30 mümkünken niye 20
Depremde evini barkını kaybeden vatandaşlarımıza evler devlet tarafından yapılacak ve bu evler yine devlet tarafından vatandaşa satılacak.
Açıklama böyle.
Konutlar ve ahırlar vatandaşa vadeli ve faizsiz olarak satılacak.
Bu açıklanırken, sanki vatandaşa bir kıyak yapılıyormuş gibi hava da oluşturuluyor.
Oysa zaten yasa böyle.
7269 sayılı kanun, depremzedeler için yapılan konutların hak sahiplerine “vadeli ve faizsiz kredi” ile verilmesini düzenliyor.

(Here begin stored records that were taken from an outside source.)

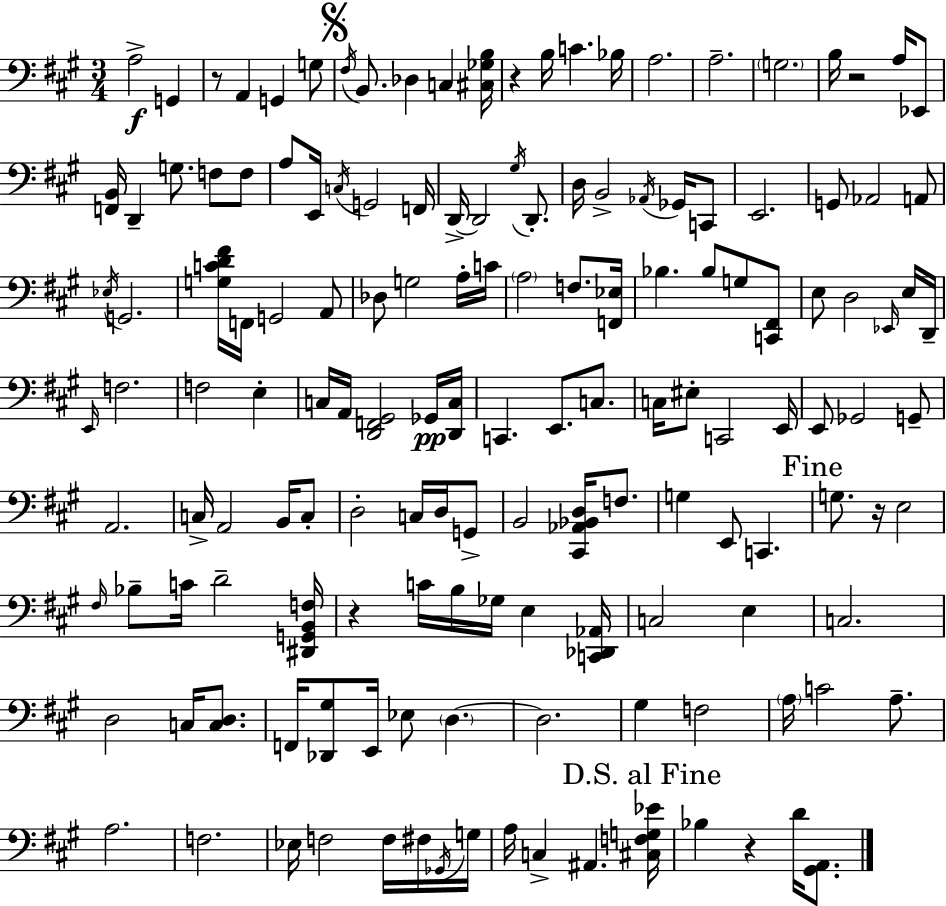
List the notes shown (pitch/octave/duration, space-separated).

A3/h G2/q R/e A2/q G2/q G3/e F#3/s B2/e. Db3/q C3/q [C#3,Gb3,B3]/s R/q B3/s C4/q. Bb3/s A3/h. A3/h. G3/h. B3/s R/h A3/s Eb2/e [F2,B2]/s D2/q G3/e. F3/e F3/e A3/e E2/s C3/s G2/h F2/s D2/s D2/h G#3/s D2/e. D3/s B2/h Ab2/s Gb2/s C2/e E2/h. G2/e Ab2/h A2/e Eb3/s G2/h. [G3,C4,D4,F#4]/s F2/s G2/h A2/e Db3/e G3/h A3/s C4/s A3/h F3/e. [F2,Eb3]/s Bb3/q. Bb3/e G3/e [C2,F#2]/e E3/e D3/h Eb2/s E3/s D2/s E2/s F3/h. F3/h E3/q C3/s A2/s [D2,F2,G#2]/h Gb2/s [D2,C3]/s C2/q. E2/e. C3/e. C3/s EIS3/e C2/h E2/s E2/e Gb2/h G2/e A2/h. C3/s A2/h B2/s C3/e D3/h C3/s D3/s G2/e B2/h [C#2,Ab2,Bb2,D3]/s F3/e. G3/q E2/e C2/q. G3/e. R/s E3/h F#3/s Bb3/e C4/s D4/h [D#2,G2,B2,F3]/s R/q C4/s B3/s Gb3/s E3/q [C2,Db2,Ab2]/s C3/h E3/q C3/h. D3/h C3/s [C3,D3]/e. F2/s [Db2,G#3]/e E2/s Eb3/e D3/q. D3/h. G#3/q F3/h A3/s C4/h A3/e. A3/h. F3/h. Eb3/s F3/h F3/s F#3/s Gb2/s G3/s A3/s C3/q A#2/q. [C#3,F3,G3,Eb4]/s Bb3/q R/q D4/s [G#2,A2]/e.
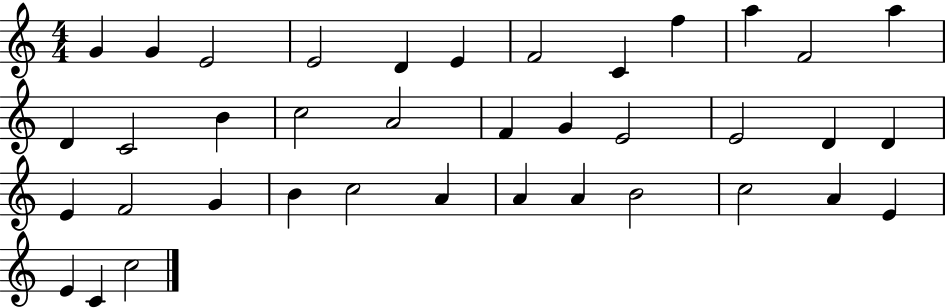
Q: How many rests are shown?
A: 0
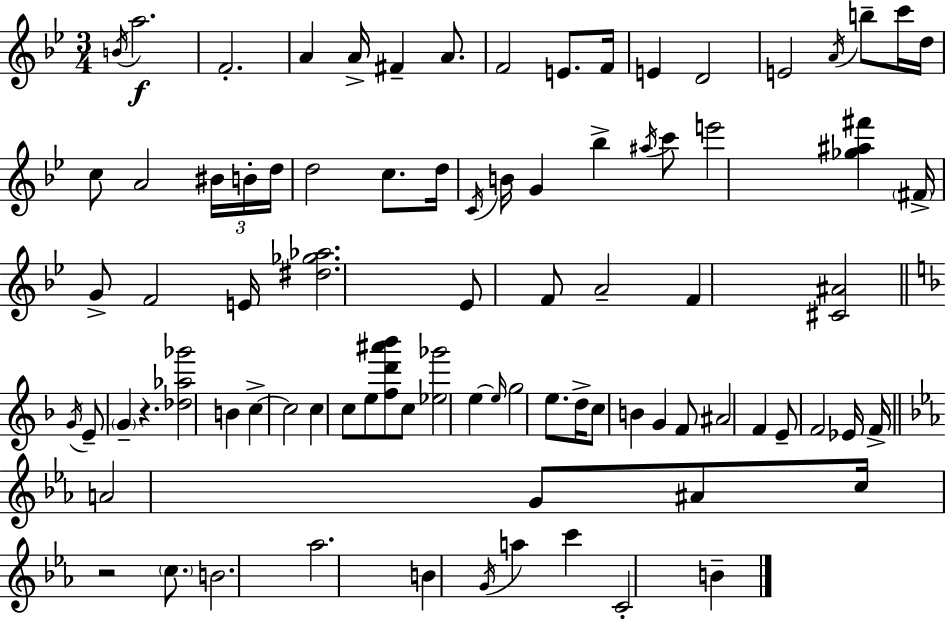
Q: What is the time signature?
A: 3/4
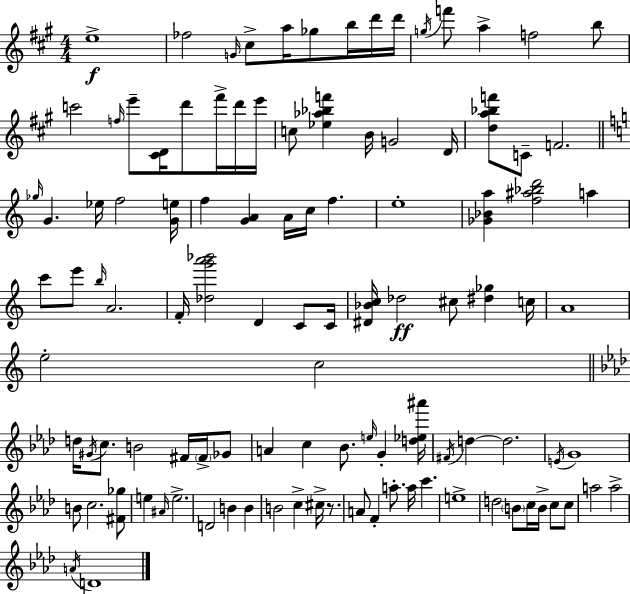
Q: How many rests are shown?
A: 1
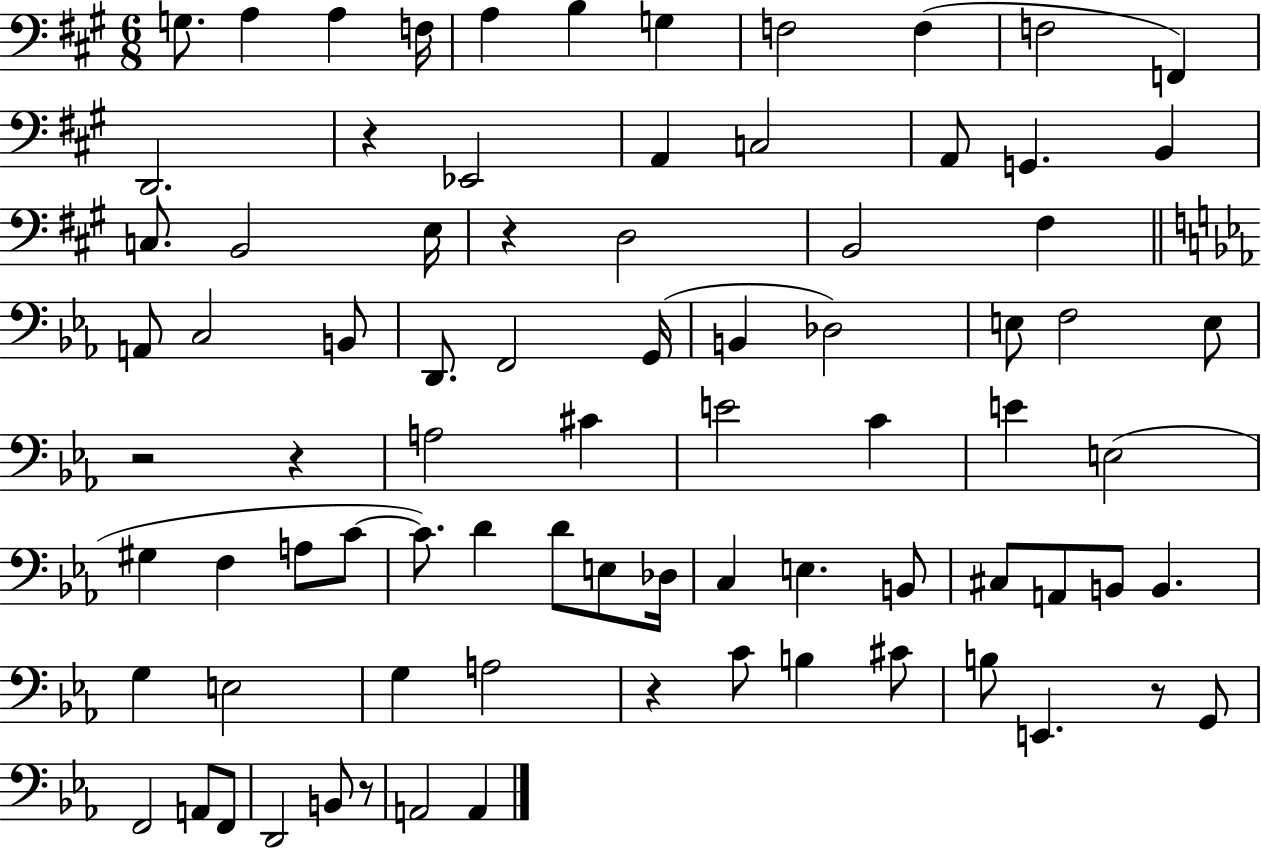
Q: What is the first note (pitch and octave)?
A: G3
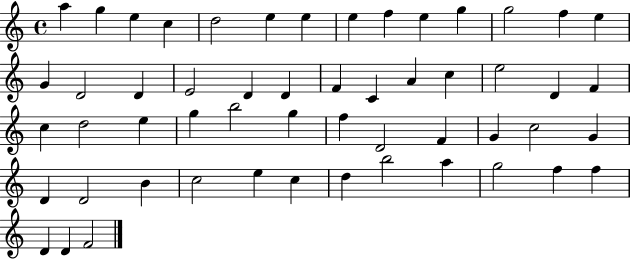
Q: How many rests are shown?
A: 0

Yani ortada iktidar tarafından depremzedeye yapılmış bir ekstra “iyilik” yok.
Yasa böyle emrediyor.
Hatta tam aksine, yasa bu konutların en az 20, en fazla 30 yıl vade ile verilmesine imkan sağlarken, iktidar bu süreyi 20 yıl ile alt limitten belirlemiş. Oysa vatandaşa 10 yıl daha fazla süre verilebilirdi.
Düşününce Türkiye’yi deprem riskinden korumak aslında ne kadar kolaymış değil mi!
Yıkılan evleri yeniden yapmak yerine, bu evleri yıkılmadan yeniden yapmayı planlayacak bir aklın yönetmesi gerekiyormuş Türkiye’yi.
Yani deprem riski taşıyan konutları yeniden yapmak isteyenlere faizsiz kredi verilseymiş.
Televizyonlarda yapılan yardım kampanyasına sadece kamu bankaları ve kamu kurumları 91 milyar TL verdiler.
Bu para deprem öncesi faizsiz kredi verilmesi için bir “faiz fonu” oluşturmak için kullanılsa, muhtemelen kentlerimizi büyük oranda yeniler, olası büyük depremleri, felaket olarak değil, az can kaybı verdiğimiz doğal afetler olarak atlatırdık.
Böyle bir fonla Türkiye’nin bugün açıkladığı resmi faiz oranları ile yaklaşık 900 milyar TL’lik bir kaynağın finansman gideri karşılanır ve bu para ile riskli kentlerdeki riskli yapıların hemen hemen tamamı risksiz hale getirilmiş olurdu.
Üstelik biliyoruz ki, bu maliyet KOİ projeleri için müteahhitlere ödenen paranın üçte birinden azdı.